Monitor https://github.com/EnvironmentOntology/envo/issues/909 for using observed properties linked to ENVO in schema.org
@smrgeoinfo A 'measured variable' is an unstructured text, may be composed of primarily observed property (or a physical quantity) and other concepts such as feature-of-interest, units, aggregate functions (e.g., average and maximum), method,device, location, and time. Examples of parameters are ‘Methane, daily formation rateper unit sediment mass’, ‘Practical salinity of the water body by CTD and computation using UNESCO 1983 algorithm’.

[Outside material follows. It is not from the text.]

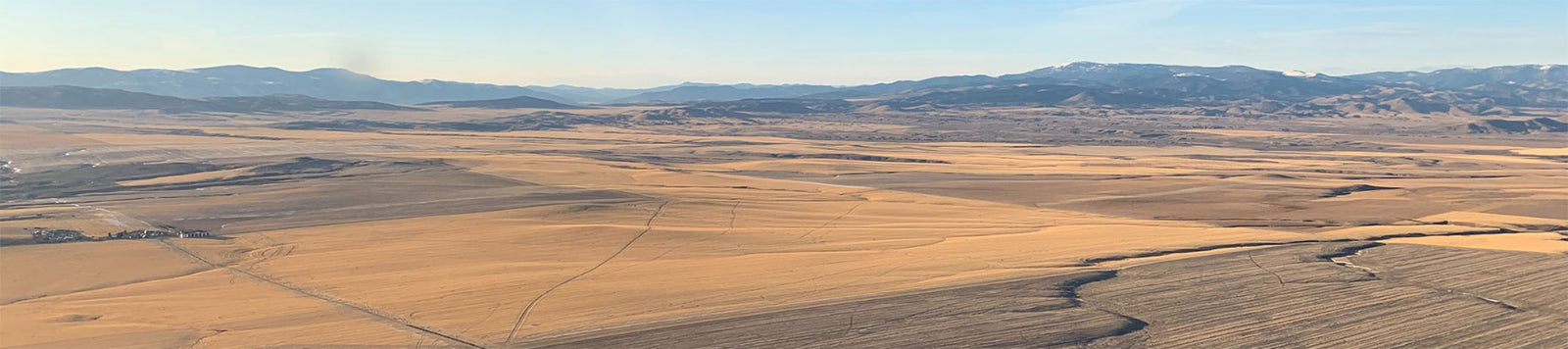 family owned montana wheat farm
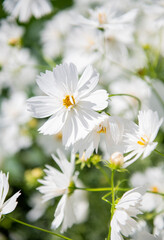White Cosmos Flowers Growing Outside and Bees Flying Around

I'd say a 'measured variable' a concept that can be described in unstructured text, or in some structured data object. In the examples above, couldn't the propertyID identify things ranging from 'temperature' (very generic), to the more specific phenomena/feature of interest/measurement procedure variable concepts like in your examples above.
sosa:hasFeatureOfInterest
is more related to sdo:object
.
FWIW I did a rough alignment of SSN/SOSA to schema.org a couple of years ago - see https://github.com/w3c/sdw/blob/gh-pages/ssn/rdf/sosa-sdo-mapping.ttl
Also a bit of a proposal for additions to SDO here: https://w3c.github.io/sdw/ssn/rdf/sdo-sosa-schema.rdfa.html
Unfinished business, but the proposed alignment might be of interest here.
Here is an example how we are using it for contributions at the Magnetics Information Consortium (MagIC) data repository. These are from an automatic summary of the dataset. I see now that we should be able to easily add unitText values and, with a bit of work, unitCode values. The name and description values come straight from our controlled vocab lists.
"variableMeasured": [ { "@type": "PropertyValue", "name": "Direction MAD Free-Floating", "description": "Maximum Angular Deviation (MAD) of the free-floating directional PCA fits to the paleomagnetic vector", "minValue": 0.12366669, "maxValue": 26.6 }, { "@type": "PropertyValue", "name": "Latitude", "description": "Sample geographic location, Latitude", "minValue": 76.52167, "maxValue": 77.58917 }, { "@type": "PropertyValue", "name": "Inclination", "description": "Directions in specimen coordinates, Inclination", "minValue": -58.6, "maxValue": 89.95675754 }, { "@type": "PropertyValue", "name": "ARM Normalized Relative Paleointensity", "description": "Relative field strength estimated with NRM normalized by laboratory ARM", "minValue": 0.02678768, "maxValue": 1 }, { "@type": "PropertyValue", "name": "Susceptibility Normalized Relative Paleointensity", "description": "Relative field strength estimated with NRM normalized by susceptibility", "minValue": 0.030325174, "maxValue": 185.4786585 }, { "@type": "PropertyValue", "name": "Magnetization Volume", "description": "Measured intensity of magnetization, Volume normalized", "minValue": 0.0020875, "maxValue": 0.36771 }, { "@type": "PropertyValue", "name": "Susceptibility X Volume", "description": "Magnetic susceptibility, Volume normalized", "minValue": 0.000133748, "maxValue": 0.004453333 },
So what are the outstanding issues here?
@ashepherd
Monitor EnvironmentOntology/envo#909 for using observed properties linked to ENVO in schema.org
This issue wasn't about schema.org per se, it was about where should OBO entity-quality pairings, e.g. concentration of chlorophyll a in liquid water be housed. We ended up deciding to make them in ENVO.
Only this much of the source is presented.